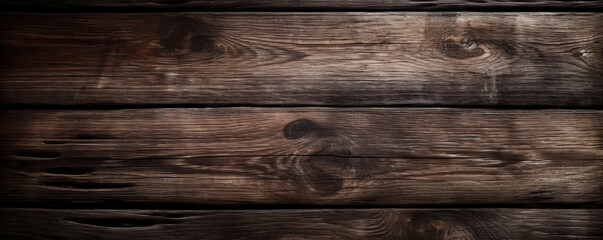Obraz premium A dark, vintage wooden texture sets the stage for a rich, rustic ambiance, perfect as a background for an authentic, natural design project. Intricate grain and rough, aged oak planks. Generative AI.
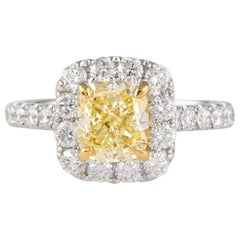 Alexander GIA Certified 1.53ct Yellow YZ Diamond with Halo 18k White Gold Ring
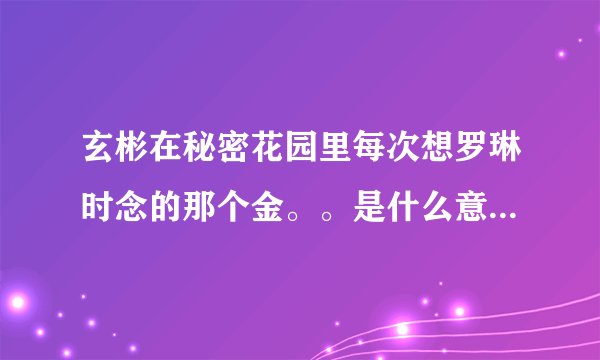 玄彬在秘密花园里每次想罗琳时念的那个金。。是什么意思？为什么念？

## WORK REQUIRED
The entire listing above, minus its pictures, should be copied out exactly.

## WRITTEN REPLY
Obraz premium A dark, vintage wooden texture sets the stage for a rich, rustic ambiance, perfect as a background for an authentic, natural design project. Intricate grain and rough, aged oak planks. Generative AI.
 Alexander GIA Certified 1.53ct Yellow YZ Diamond with Halo 18k White Gold Ring
 玄彬在秘密花园里每次想罗琳时念的那个金。。是什么意思？为什么念？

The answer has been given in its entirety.